Soon after starting as data manager with the Institute for Marine and Antarctic Studies (IMAS), Emma Flukes experienced the proud moment of loading her own data onto the Australian Ocean Data Network (AODN).

‘I was really excited to see how my data could be visualised,’ Emma says. ‘The concept of routinely making data available for the public to explore was very appealing, and I hope more and more researchers will start to recognise the benefits of open data. I always like being involved in the new thing: at the cutting edge. Open data is gaining momentum so quickly and I’m really excited to be part of the movement.’

Emma’s data management responsibilities are now divided between IMAS and the Marine Biodiversity Hub, where she sees her role as smoothing the way between researchers and technical (data) specialists. After auditing datasets from Hub projects, she will develop guidelines to help researchers publish their data through the AODN 1-2-3 Data Portal, an online interface that catalogues and visualises open-access data collected by the Australian marine community.
 
‘Open data systems require some effort to get up and running, but once the wheels are turning they hugely decrease the overall effort that goes into collecting and showcasing data,’ Emma says. ‘Open data enables a faster and more efficient path to scientific discovery, encourages collaboration, reduces duplication of research efforts, and can even boost citation rates. So I was really excited to start working with the Marine Biodiversity Hub which has the policy of making all its data publically available as quickly as possible.
 
‘Another advantage is that researchers can keep track of who else is using their data, and this can lead to collaboration opportunities. Recent studies have shown that making data open access results in, on average, a 30 percent increase in citations of associated publications, in addition to direct data citations. In fact data themselves can now be cited.
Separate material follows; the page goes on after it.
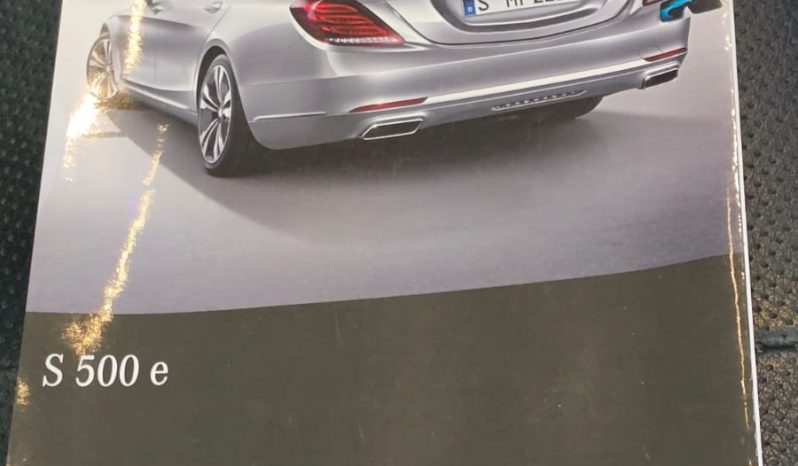 
								Mercedes-Benz S500e L AMG Line full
Datasets from Reef Life Survey – a global project supported by the Hub for its national work – were some of the first to be published, in the first edition of the Nature journal Scientific Data.'

Metadata vital to data discovery

Emma says that one of the biggest challenges facing researchers is finding at the most powerful way to publicise their data. The first step in this process is creating metadata that describes a data collection and allows it to be publically discovered.
 
‘A data collection only needs to be described once,’ she says. ‘Creating metadata may take an hour or so and a couple of revisions along the way to describe several years-worth of research, but it’s not a terribly arduous task and all the information required usually has already been documented in publications. When I first receive a dataset I’ll have a look at the metadata, the file format, what the researcher has actually measured and what filtering process might make sense from a user’s perspective. For example, will an end-user just want to filter the dataset by date or location, or can we apply more specific filters such as substrate type, satellite tag number, species name etc.? You can never be too descriptive.’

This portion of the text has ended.